Crystal devalues our values

One thing I learned from my recent stint as a member of the contract negotiating team for the Fargo Public Schools is that no one outside the bargaining room can actually know the intricacies and details of the negotiations. While the American Crystal Sugar situation has been chronicled extensively in the media, I am reluctant to second-guess the details of the negotiations themselves.

What I also learned, however, is that negotiating from a position of shared values is vitally important. The most highly held shared value that the Fargo School Board and the Fargo Education Association never wavered from, at any moment during this challenging negotiating year, was that the teachers who work in our schools are our most valued resource. We felt that our job was to do the very best we could for our teachers with the financial resources we had available.

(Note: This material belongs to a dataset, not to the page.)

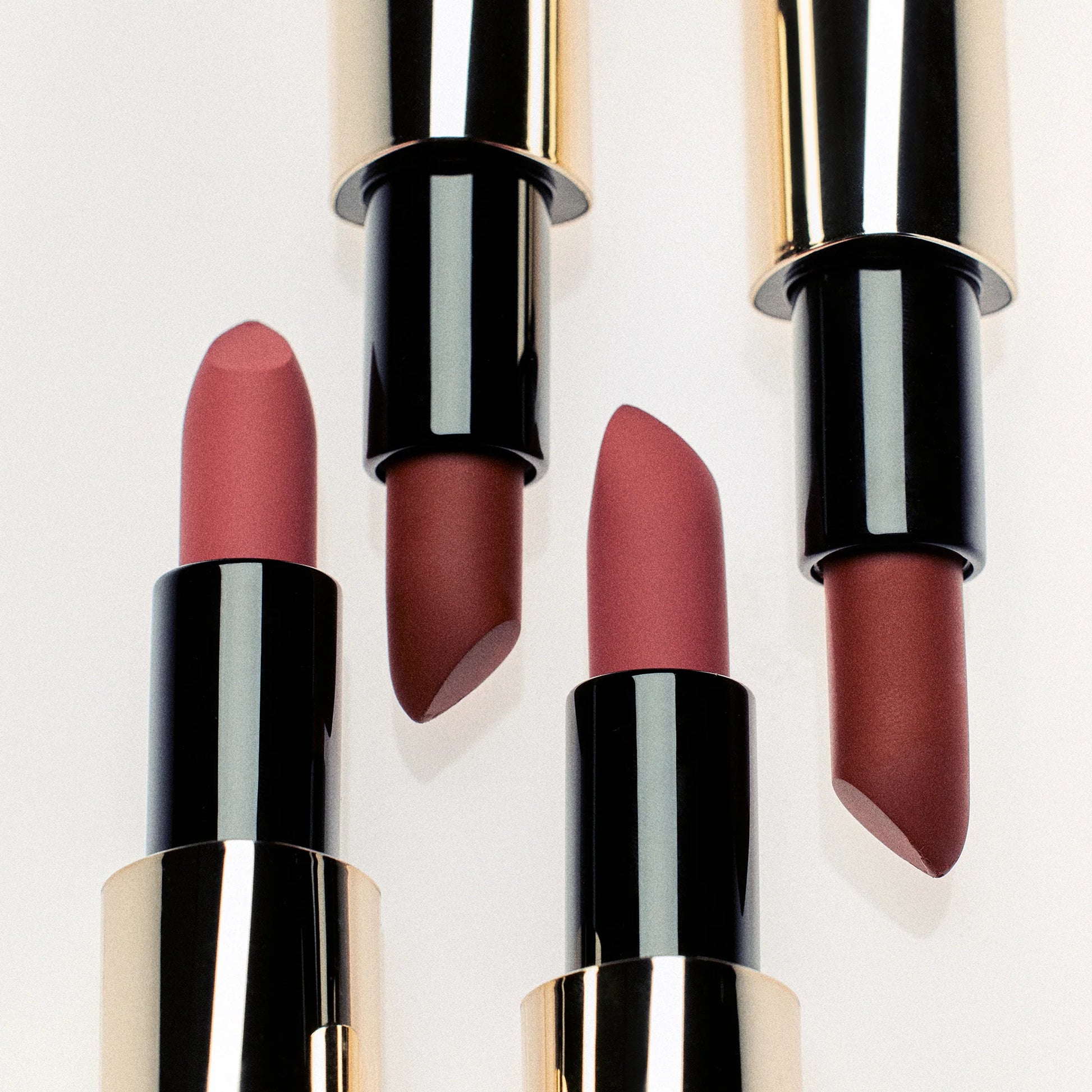 Set of four lipsticks with black and gold cases on a light background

That is why I simply cannot fathom the attitude voiced by American Crystal CEO David Berg when he referred to their labor contract as a “cancerous tumor” that prevented the company from “doing what needed to be done.”

Unfortunately, this ugly attitude seems to be sweeping the country. The workers who have made companies profitable through their labor, who agreed to concessions when times were bad, are being asked to “go backward” when times are good.

According to a recent US Commerce Department report, corporate profits as a percentage of the total economy are HIGHER than they have been since the 1920s, and wages as a percentage of the total economy are LOWER than they have been since the 1920s.

It was only 30 years ago that the average CEO pay was 30 times the pay of the average worker – today that has ballooned to over 300 times the pay of the average worker. Income disparity in America is reaching levels that have proven to be historically dangerous to any nation’s social fabric.

Does this mean that wealthy people and CEOs are bad guys? Of course not. What it does mean, however, is that we are perilously off-balance. Henry Ford, hardly a bleeding-heart liberal, understood nearly 100 years ago that unless workers were paid enough, there would not be a market for his cars.

When it comes home to Fargo-Moorhead, we are talking about our friends and neighbors. Pre-emptively locking the doors and shipping in cheaper labor from depressed areas of southern states is a shocking departure from a spirit of shared values.

The dedication, expertise and hard work of the American Crystal employees have made it possible for the owners to enjoy generous profits this year. These same workers have made concessions when times were tough. Now it’s time to treat them as truly valued members of the Red River Valley’s sugar production family, not a cancerous tumor to be cut away and thrown in the trash.


Boyd Coates is executive director of the FN Symphony, a member of the Fargo School Board and a former Fargo city commissioner.